-- INFORMATION SUPPLIED follows --

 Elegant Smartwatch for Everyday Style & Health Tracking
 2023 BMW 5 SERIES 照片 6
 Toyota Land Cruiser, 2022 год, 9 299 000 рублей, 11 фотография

-- INFORMATION SUPPLIED concluded --

*WHAT THE TASK ASKS:* Starting with the line that has "2023 BMW 5 SERIES 照片 6", print each remaining line of the listing exactly.

*ANSWER TO THE EXERCISE:*
 2023 BMW 5 SERIES 照片 6
 Toyota Land Cruiser, 2022 год, 9 299 000 рублей, 11 фотография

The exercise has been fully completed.